The company, Dynamic Frontier Holdings, is run and possibly owned by Konstantin Sokolov, a Russian-born businessman from Chicago appointed by the U.S. State Department recently as chairman of a $200 million fund tasked with facilitating the creation of a U.S.-run transit corridor passing through Armenia.
The Teghut enterprise has mined copper and molybdenum in a deposit of the same name located in Armenia’s northern Lori province for more than a decade. The Armenian subsidiary of Russia’s VTB took over it in 2019 after its first owner’s failure to repay a $400 million loan.
VTB finally managed to get rid of the asset last week when Armenia’s state anti-trust regulator allowed Teghut’s sale to an obscure Armenian company, Kuprar RA. Its founder, Sergei Virabian, said afterwards that he sold the company to another “entrepreneur” this month but refused to name him or her.
An Armenian state registry revealed this week that Kuprar is now owned by Dynamic Frontier Holdings. The latter was incorporated in the U.S. state of Texas last year. Documents obtained by RFE/RL’s Armenian Service from the Texas tax registry identify Sokolov as its “manager.”
Born and raised in Russia, the 52-year-old Sokolov is a private equity investor with wide-ranging business interests in and outside the United States. In 2024, he and another foreign investor purchased one of Armenia’s three mobile phone operators from Russia’s MTS telecom giant.
Sokolov is one of 36 private donors who have reportedly contributed to U.S. President Donald Trump’s White House ballroom project. He has also donated more than $12 million to Republican Party campaigns and political groups during Trump’s second term.

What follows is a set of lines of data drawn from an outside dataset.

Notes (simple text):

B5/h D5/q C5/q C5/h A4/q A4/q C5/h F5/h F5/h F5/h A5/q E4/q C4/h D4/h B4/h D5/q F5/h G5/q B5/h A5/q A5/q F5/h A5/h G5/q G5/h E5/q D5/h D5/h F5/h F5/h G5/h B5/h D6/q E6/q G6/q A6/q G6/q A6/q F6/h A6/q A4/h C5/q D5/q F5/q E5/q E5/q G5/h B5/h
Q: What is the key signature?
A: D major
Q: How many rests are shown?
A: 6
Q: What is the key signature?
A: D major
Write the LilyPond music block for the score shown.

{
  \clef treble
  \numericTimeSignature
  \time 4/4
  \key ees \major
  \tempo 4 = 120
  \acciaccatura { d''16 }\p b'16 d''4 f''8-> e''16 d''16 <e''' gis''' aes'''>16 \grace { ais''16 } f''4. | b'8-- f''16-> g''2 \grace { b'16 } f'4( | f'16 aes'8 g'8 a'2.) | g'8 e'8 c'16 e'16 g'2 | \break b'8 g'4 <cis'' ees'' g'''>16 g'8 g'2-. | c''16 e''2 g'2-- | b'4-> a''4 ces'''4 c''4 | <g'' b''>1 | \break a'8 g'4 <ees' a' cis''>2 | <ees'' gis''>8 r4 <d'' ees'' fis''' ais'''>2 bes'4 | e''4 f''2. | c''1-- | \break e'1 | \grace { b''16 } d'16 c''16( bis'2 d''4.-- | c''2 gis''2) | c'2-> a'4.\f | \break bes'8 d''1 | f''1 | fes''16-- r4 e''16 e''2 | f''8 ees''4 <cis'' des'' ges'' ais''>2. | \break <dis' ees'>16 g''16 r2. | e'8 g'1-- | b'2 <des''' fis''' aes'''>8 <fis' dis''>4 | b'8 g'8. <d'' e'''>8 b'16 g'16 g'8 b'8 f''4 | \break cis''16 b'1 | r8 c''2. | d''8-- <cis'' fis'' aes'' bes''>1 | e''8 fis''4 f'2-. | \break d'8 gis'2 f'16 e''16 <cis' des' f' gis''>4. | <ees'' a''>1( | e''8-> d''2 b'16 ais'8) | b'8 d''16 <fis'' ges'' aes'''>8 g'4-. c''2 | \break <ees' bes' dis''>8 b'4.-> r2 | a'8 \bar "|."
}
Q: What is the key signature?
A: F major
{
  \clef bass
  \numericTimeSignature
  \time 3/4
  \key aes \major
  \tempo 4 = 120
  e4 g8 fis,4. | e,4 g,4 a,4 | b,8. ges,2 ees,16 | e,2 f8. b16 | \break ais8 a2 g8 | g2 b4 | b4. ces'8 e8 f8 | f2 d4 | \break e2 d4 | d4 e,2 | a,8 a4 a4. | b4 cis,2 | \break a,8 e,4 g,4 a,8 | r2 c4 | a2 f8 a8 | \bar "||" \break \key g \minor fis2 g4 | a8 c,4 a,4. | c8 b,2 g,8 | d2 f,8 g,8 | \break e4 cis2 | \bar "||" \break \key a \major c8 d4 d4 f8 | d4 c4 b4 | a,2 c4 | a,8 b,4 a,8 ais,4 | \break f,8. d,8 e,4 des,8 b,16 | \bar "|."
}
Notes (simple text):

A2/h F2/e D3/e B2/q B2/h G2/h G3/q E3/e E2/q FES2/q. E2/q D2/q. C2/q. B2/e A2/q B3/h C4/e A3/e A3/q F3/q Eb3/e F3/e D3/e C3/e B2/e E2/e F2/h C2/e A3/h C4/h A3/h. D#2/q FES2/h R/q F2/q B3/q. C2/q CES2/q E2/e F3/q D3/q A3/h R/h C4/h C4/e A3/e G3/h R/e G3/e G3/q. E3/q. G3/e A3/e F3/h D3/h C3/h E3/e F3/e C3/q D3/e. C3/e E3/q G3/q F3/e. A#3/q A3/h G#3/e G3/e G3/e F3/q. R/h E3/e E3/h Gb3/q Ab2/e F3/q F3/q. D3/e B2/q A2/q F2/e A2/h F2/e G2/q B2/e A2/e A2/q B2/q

Teghut was Armenia’s 22nd largest corporate taxpayer last year, with almost 14.4 billion drams ($39 million) in various taxes contributed to the state budget. The company employed more than 1,100 people as of 2022. Dynamic Frontier may have deliberately avoided buying it directly from VTB. The bank was one of the first Russian entities sanctioned by the European Union and the United States following Russia’s 2022 invasion of Ukraine.